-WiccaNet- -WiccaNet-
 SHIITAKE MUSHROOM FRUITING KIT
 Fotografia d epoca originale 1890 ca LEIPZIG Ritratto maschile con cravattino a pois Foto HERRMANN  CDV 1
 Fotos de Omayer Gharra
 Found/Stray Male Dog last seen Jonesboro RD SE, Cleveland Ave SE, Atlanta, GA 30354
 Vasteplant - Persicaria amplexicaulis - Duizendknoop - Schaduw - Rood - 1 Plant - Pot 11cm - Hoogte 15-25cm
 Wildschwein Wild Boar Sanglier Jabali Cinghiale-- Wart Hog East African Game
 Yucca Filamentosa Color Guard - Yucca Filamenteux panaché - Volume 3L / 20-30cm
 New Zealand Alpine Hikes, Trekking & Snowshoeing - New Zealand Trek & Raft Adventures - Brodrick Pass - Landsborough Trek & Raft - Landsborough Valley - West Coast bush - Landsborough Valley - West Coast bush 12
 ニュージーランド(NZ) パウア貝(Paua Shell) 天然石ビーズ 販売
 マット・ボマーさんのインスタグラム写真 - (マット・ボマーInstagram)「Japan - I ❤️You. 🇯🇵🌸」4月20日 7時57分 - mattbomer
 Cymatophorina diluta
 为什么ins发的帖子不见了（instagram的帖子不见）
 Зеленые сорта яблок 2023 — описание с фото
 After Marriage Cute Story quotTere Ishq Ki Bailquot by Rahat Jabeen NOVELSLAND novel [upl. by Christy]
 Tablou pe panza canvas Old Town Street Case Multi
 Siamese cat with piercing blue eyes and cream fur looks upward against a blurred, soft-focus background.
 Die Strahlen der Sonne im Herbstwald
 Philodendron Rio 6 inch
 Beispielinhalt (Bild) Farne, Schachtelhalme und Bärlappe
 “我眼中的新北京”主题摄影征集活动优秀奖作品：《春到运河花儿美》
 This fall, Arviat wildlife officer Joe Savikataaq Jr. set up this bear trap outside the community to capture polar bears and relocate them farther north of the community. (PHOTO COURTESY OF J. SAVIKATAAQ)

########

● **How to complete this task**:
Send back exactly the lines from the line with "Siamese cat with" through the end of the records.

● **Completed task**:
 Siamese cat with piercing blue eyes and cream fur looks upward against a blurred, soft-focus background.
 Die Strahlen der Sonne im Herbstwald
 Philodendron Rio 6 inch
 Beispielinhalt (Bild) Farne, Schachtelhalme und Bärlappe
 “我眼中的新北京”主题摄影征集活动优秀奖作品：《春到运河花儿美》
 This fall, Arviat wildlife officer Joe Savikataaq Jr. set up this bear trap outside the community to capture polar bears and relocate them farther north of the community. (PHOTO COURTESY OF J. SAVIKATAAQ)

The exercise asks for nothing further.